No one in government remembers the last time a lord chancellor introduced something as short-sighted as these personal injury reforms.
You might have thought that announcing a fundamental change in the law of tort – and not just one that affects combat troops – would have attracted some public attention. At the moment, the law will normally try to compensate someone who is injured through another person’s negligence. But not for much longer, unless the government backs down.
If a negligent driver crashes into your car – leaving you with cuts to your face, bruises on your chest and a whiplash injury in your neck – you soon won’t be able to claim restitution for your pain, suffering and loss of amenity (known as PSLA). Under plans outlined by the Ministry of Justice last November, people who have suffered ‘minor’ soft-tissue injuries in road traffic accidents will receive either nothing at all for their PSLA or £400 – less than a quarter of the current average compensation payment – plus an extra £25 for psychological damage.
What justification can there be for this inroad into long-established common law principles? The government says a ‘compensation culture has grown up around whiplash claims… which encourages motorists to make claims when little or no injury has been suffered’. It believes its proposals will reduce the annual cost of motor insurance premiums by an average of £40.
If no injury has been suffered, a claim for compensation will be fraudulent and should be penalised. If the injury is small, then the damages should be too. But why absolve drivers and their insurers from the consequences of careless driving? You might as well stop people suing local councils that fail to repair dangerous footpaths or employers who ignore hazards in the workplace.
Actually, the government is planning to do that too. The small claims limit for all personal injury cases is to be increased to £5,000. So long as the claim for PSLA is less than that figure, a negligent defendant will no longer be ordered to pay the injured claimant’s legal costs. That means claimants won’t find solicitors to represent them. Some claimants will become litigants in person. Others won’t bother and hazards will remain in place.
Because collective memory at the Ministry of Justice goes back no further than last summer, it is not surprising that nobody in government remembers the last time a lord chancellor introduced something as short-sighted as this. Nearly 17 years ago, legal aid was abolished for most personal injury claims by the inappropriately named Access to Justice Act 1999. Though ministers said it was too expensive, legal aid was designed to ensure that the costs of bringing a claim would be met by defendants and their insurers rather than by taxpayers. Replacing legal aid with conditional fees led to unwelcome claims farmers, excessive success fees and unnecessary insurance premiums. As so often, the reforms simply shifted costs elsewhere.

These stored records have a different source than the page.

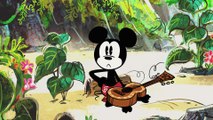 Ku'u Lei Melody | A Mickey Mouse Cartoon | Disney Shorts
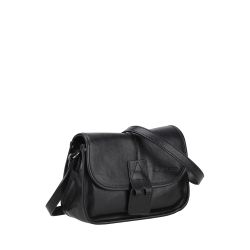 Sac Bandoulière Edith en Cuir - Arthur & Aston 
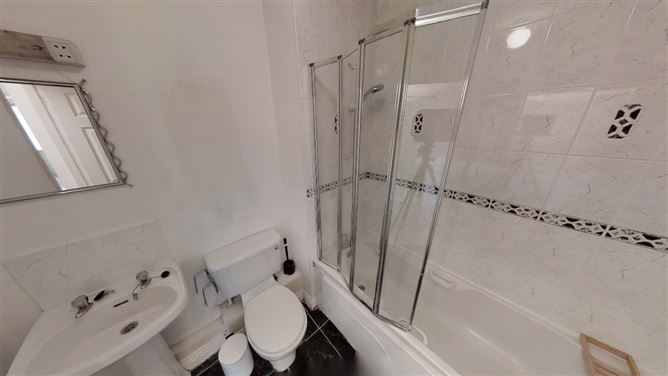 Apartment 12 Rathlin House, Blanchardstown, Dublin 15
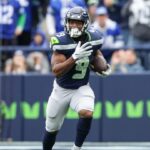 Seahawks place RB Kenneth Walker on injured reserve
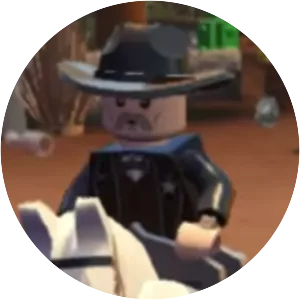 Marshal James Strickland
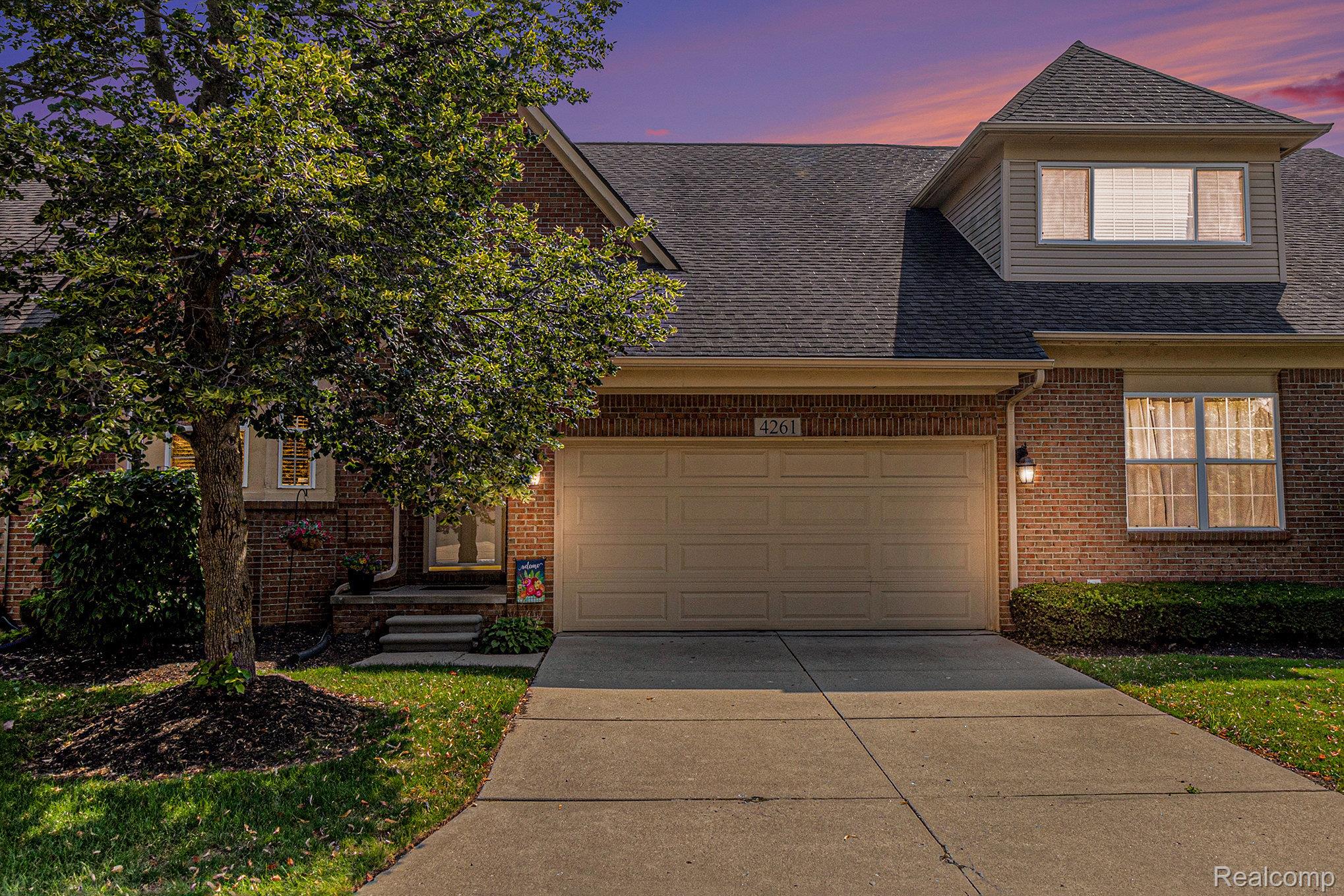 4261 Forest Bridge Drive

This time, though, the judges have spoken out. A team of four headed by Lord Justice Briggs, the deputy head of civil justice, reported their ‘dismay that a proposal with such serious potential implications for the management and delivery of civil justice’ had not been discussed with the judiciary before being launched as a public consultation. Only six weeks had been allowed for responses and that included the Christmas period.
As the judges explained, the courts’ workload would double, treble or even quadruple at a time when they were already under pressure. That’s because personal injury cases where the sum claimed for PSLA is between £1,000 and £25,000 are currently allocated to what’s called the fast track. These cases are conducted between
claimants’ lawyers and insurance companies with a very high degree of efficiency. Most cases settle, Briggs and his colleagues told the Ministry of Justice. Disputes over quantum take 15 or 30 minutes to decide (including an extempore judgment). Disputes over liability are tried in a day or less.
A few of these cases would remain in the fast track. But most of those sent down to the small claims track would now be brought by litigants in person, with fewer settlements, longer hearings and greater need for appeals.
Consumers have little sympathy for claimant lawyers until they become claimants themselves. But putting lawyers out of business – which is what the government proposals will do – has much broader economic implications. Research commissioned by the campaign group Access to Justice suggests that firms at high risk of losing personal injury work support 66,000 jobs in the wider economy.
The insurance industry has told ministers that these reforms will save it £1bn a year. However, research commissioned by the Law Society, the Association of Personal Injury Lawyers and the Motor Accident Solicitors Society suggests that these savings will not be passed on to motorists.
What drivers will be given if these changes go through is a licence to be careless. Has the government forgotten that it owes all of us a duty of care?